• [EXERCISE INSTRUCTIONS]
Each line of the listing below must be retyped exactly, with images left out.

• [MATERIAL PROVIDED]
↓↓↓

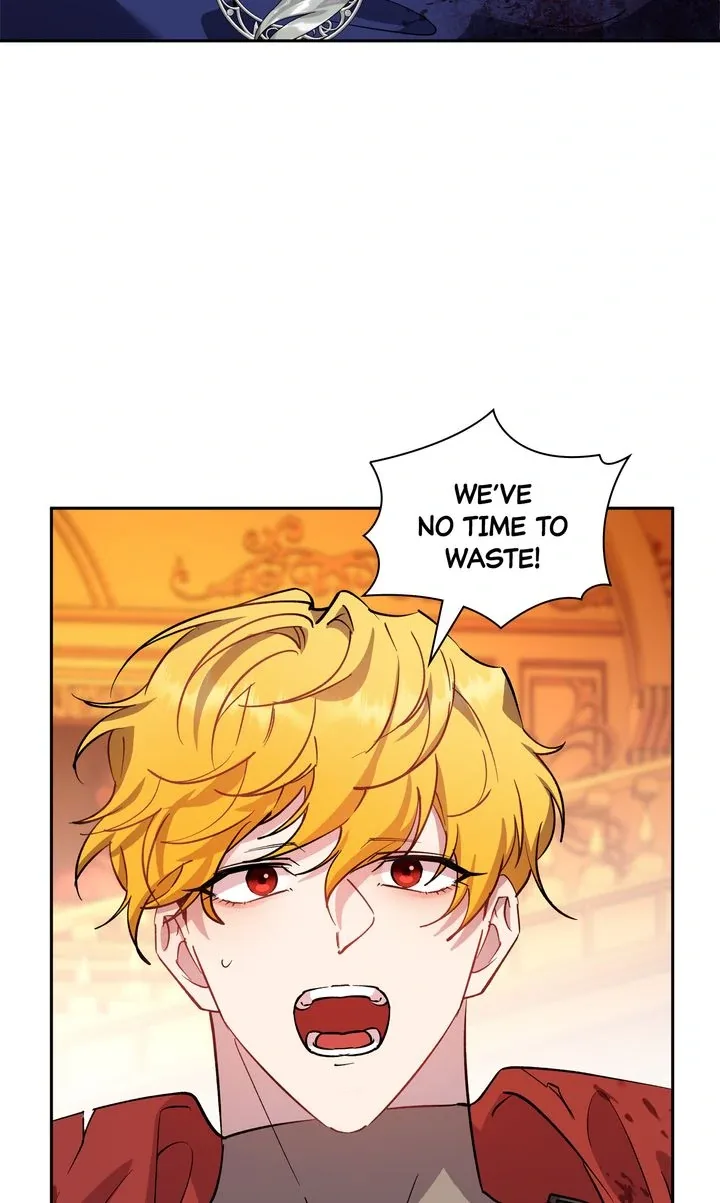 How the Count’s Young Lady Tames the Emperor’s Dog Chapter 91 page 55
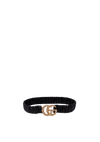 TORCHON DOUBLE G LOGO BELT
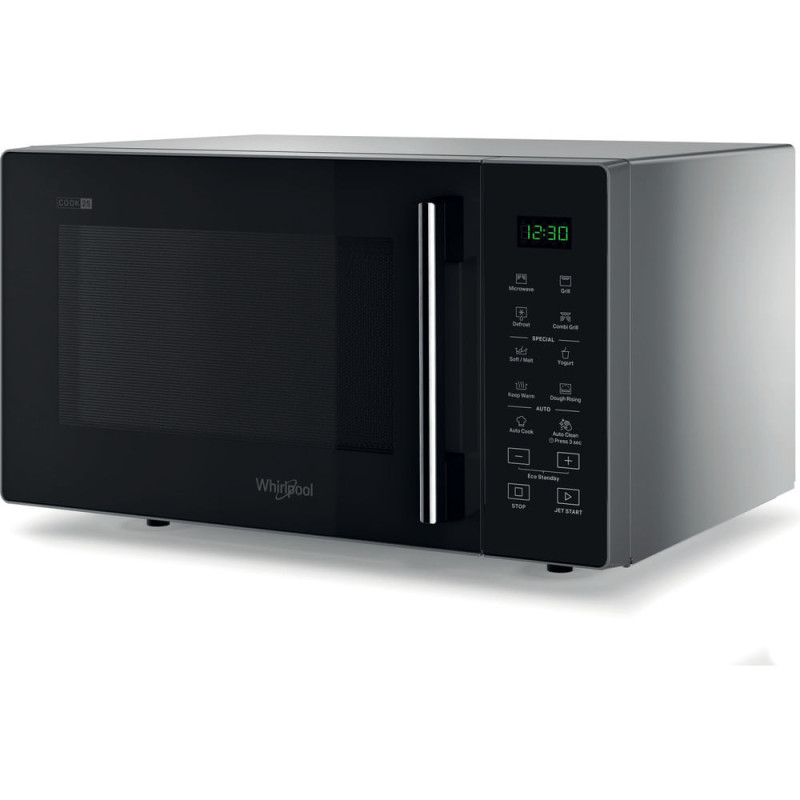 Whirlpool Cook25 Microonde a libera installazione - MWP 253 SB Whirlpool Cook25 Microonde a libera installazione - MWP 253 SB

↑↑↑

• [ANSWER SECTION]
 How the Count’s Young Lady Tames the Emperor’s Dog Chapter 91 page 55
 TORCHON DOUBLE G LOGO BELT
 Whirlpool Cook25 Microonde a libera installazione - MWP 253 SB Whirlpool Cook25 Microonde a libera installazione - MWP 253 SB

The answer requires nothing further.